Company’s open-source software has matured significantly, and now the development community is taking over some of load.
Graphcore has made significant advancements since we published the original version of our research paper on the company’s software in May 2020. We have an update in the works, but along the way, we discovered that the company is benefiting from its commitment to open-source software and optimized models. So, let’s take a peek. (We have also published an in-depth analysis here.)
In addition to supporting the second-generation IPU datacenter infrastructure at significant scale, the new Poplar SDK 2.4 stack, introduced in December has new capabilities, models, and community contributed engineering. This indicates that the software ecosystem around the Graphcore IPU is maturing from a push to a pull model: the AI community is now actively contributing to and advancing the open-source software Graphcore has released. This transition, in our opinion, is forming the tipping point for the Graphcore ecosystem.
Poplar SDK 2.4
With a focus on the development community, Graphcore’s latest software stack makes it easier to build efficient models for scale-out in IPU Pods, with up to 256 IPUs. Starting with new public examples, including ViT, UNet, GPT, RNN-T, FastSpeech2 and TGN, the Graphcore stack is helping customers experiment with the latest models. Compilation time has been reduced up to 28%. TensorFlow users can now dynamically configure gradient accumulation count at run time, and can now use the Addons package.

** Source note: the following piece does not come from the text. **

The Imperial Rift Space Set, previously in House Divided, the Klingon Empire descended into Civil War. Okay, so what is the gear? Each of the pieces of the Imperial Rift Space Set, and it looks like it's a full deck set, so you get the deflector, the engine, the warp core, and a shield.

Some of the biggest advancements support the increased scalability of IPU-Pods. with distributed multi-host scale-out support for PopRun/PopDist for Distributed TensorFlow 2 and IPU utilization reporting for PopART and PyTorch. And PopVision analysis tools provide developers with a deeper understanding of how their applications are performing, with enhanced IPU utilization reporting.
The system performance on the second generation IPUs has been significantly improved through the software improvements.

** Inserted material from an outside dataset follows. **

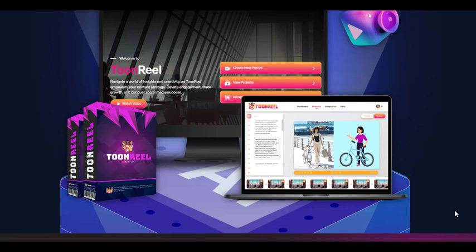In the fast-paced digital world, creating captivating and visually stunning videos is essential for businesses and content creators. However, the traditional video creation process can be time-consuming, expensive, and require specialized technical skills.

Finally, one should note that Graphcore’s hardware is not AI-specific, and neither is their software stack. Fine-grained parallelized HPC applications represent a significant opportunity for Graphcore to accelerate applications, and many of their early customers are using the platform for HPC. And HPC is cool once again, with Exascale deployments beginning this year, and with massive contributions to vaccines for COVID-19. Collaborating with the University of Bristol, Graphcore’s software stack and enablement has evolved to better support development and optimization of HPC codes.
Conclusions
Graphcore as been developing their acceleration platform for over five years. Their hardware is now the second generation, and the system architecture has evolved to a scalable, dynamic plug-and-play infrastructure. Now the software has matured considerably, but we believe the bigger story here is the extent to which the user community has engaged in ongoing developments and optimizations. Let’s be clear, no company can marshal the resources needed to catch up with NVIDIA. Not even Intel. Consequently, the only viable path forward is to engage the development community through open-source software and support, like we see in the many courses, webinars, and a flood of documentation Graphcore regularly produces. Other AI hardware companies should take notice and reconsider their closed software approaches. For Open Source, Intel and Tenstorrent have similar strategies, but Graphcore is out in front in realizing the benefits.